Should have seen it coming, eh? It transpires that those of us who, in flattered self-importance, unthinkingly replied in the affirmative, are now required to read a bunch of documentation on home and lone working, and Health & Safety… and to complete a ‘H&S Training Module’, and a questionnaire… ( What the …?! ).

So, do I adopt my usual, attitudinally bad policy in response to such bureaucracy (- ignore it!)? Or announce that, henceforth, I will no longer work at home?

Decisions, decisions. Oh, there was another E-mail last week – a very important one. Crunch time is approaching.

7 responses to “Prior prioritising

  1. Oh all sounds so familiar! Next they will be asking you to bring in your passport to be photocopied even though you have worked there for 42.5 years, on the off chance you might be a terrorist.

  2. Ahh, but blogging can be considered time spent working! You are communicating the fruits of your (presumably) publicly paid work, with your public. Surely University head honchos can only approve of such a lofty aim?

  3. Mike – the Real-World answer to that one is:

    "Yes, as long as you have a large grant as well. And grad students. And papers coming out…

    Otherwise…"

  4. Or announce that, henceforth, I will no longer work at home?
    Lee is better to give priority to work at home for a while is good for health for as brain.

  5. This reminds me of the huge file of Health and Safety forms we had in my old lab, covering the risks and precautions needed when dealing with every chemical we might encounter in our work. There was even a form for water, where the instructions in case of spillage were to mop up the spill and clean the area liberally with…water.

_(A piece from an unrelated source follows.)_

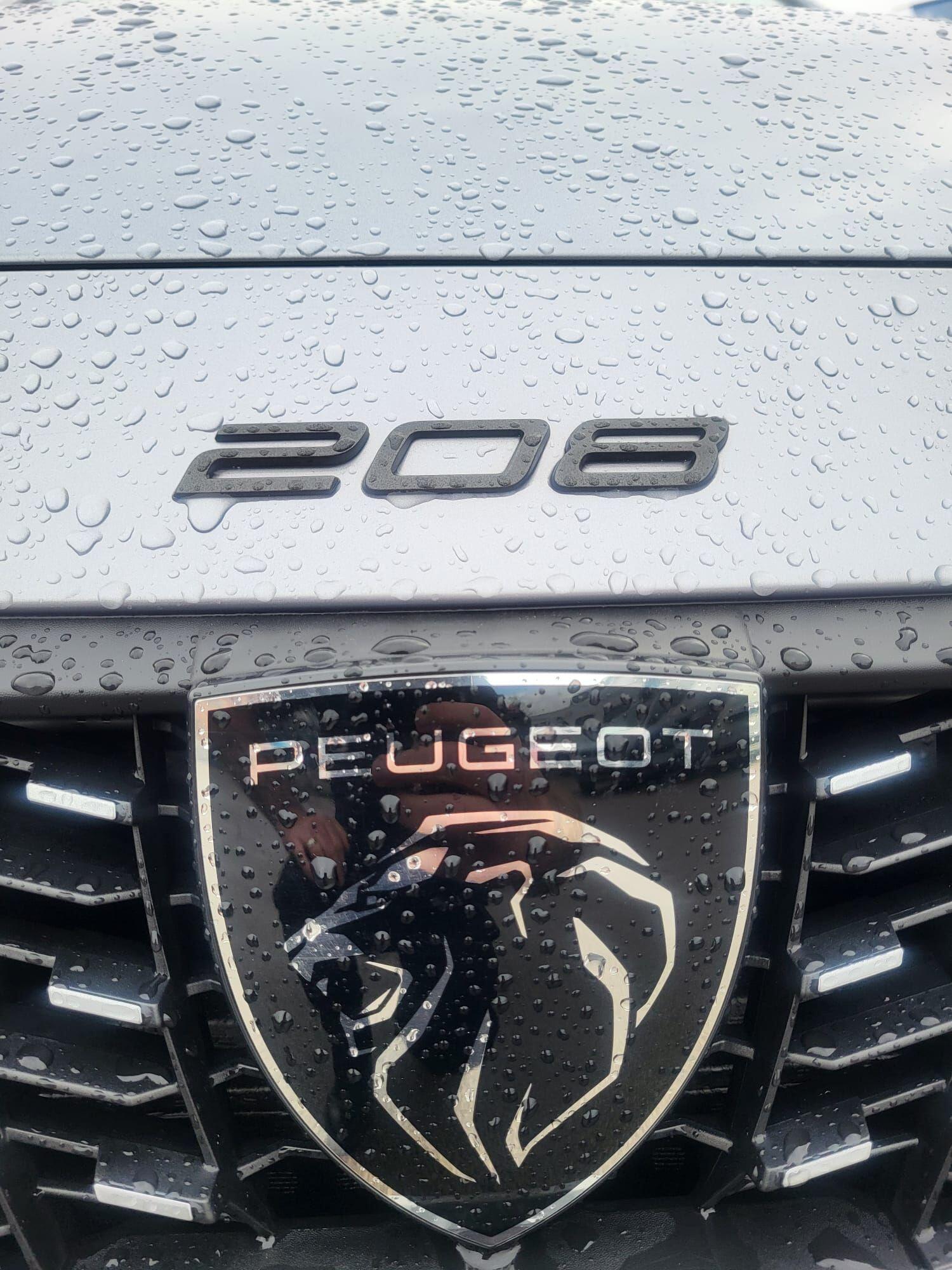 Used Peugeot 208 2025 for sale - 78148319: Photo 14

  6. Sorry, Vishal, I didn’t expect that anybody would; so, following a posting lull, I’m pleasantly surprised that this actually resonated with a few. ’Don’t try too hard’ is a good motto, sometimes.
    Mike, as my particular work as not been too ‘fruitful’ of late, I tend not to communicate on its fruits. I rationalise this as an (intermittently) maintained hobby (do I have my priorities wrong?).